YOUR OBJECTIVE: How many lines in this data contain the string "front"? Reply with the number only.

········

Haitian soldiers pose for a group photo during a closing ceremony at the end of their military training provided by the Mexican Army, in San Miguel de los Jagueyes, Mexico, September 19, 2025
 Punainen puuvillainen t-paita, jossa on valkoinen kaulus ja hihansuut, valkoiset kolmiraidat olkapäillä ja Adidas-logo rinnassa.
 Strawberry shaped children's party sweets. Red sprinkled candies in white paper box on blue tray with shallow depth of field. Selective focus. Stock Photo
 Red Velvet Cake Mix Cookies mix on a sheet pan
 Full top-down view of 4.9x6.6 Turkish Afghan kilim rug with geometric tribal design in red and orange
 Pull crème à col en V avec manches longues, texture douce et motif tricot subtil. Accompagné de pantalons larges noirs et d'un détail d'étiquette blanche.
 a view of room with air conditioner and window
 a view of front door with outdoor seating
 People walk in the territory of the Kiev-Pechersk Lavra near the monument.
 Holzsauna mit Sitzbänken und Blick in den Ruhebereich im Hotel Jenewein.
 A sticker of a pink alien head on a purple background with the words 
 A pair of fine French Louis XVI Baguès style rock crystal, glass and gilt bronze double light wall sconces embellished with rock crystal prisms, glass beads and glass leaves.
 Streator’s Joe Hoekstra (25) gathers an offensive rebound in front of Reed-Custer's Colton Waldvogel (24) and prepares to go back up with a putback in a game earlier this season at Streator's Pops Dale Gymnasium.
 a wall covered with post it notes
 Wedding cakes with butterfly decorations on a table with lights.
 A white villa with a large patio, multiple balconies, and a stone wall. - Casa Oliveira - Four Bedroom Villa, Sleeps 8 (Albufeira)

········

WRITTEN ANSWER: 2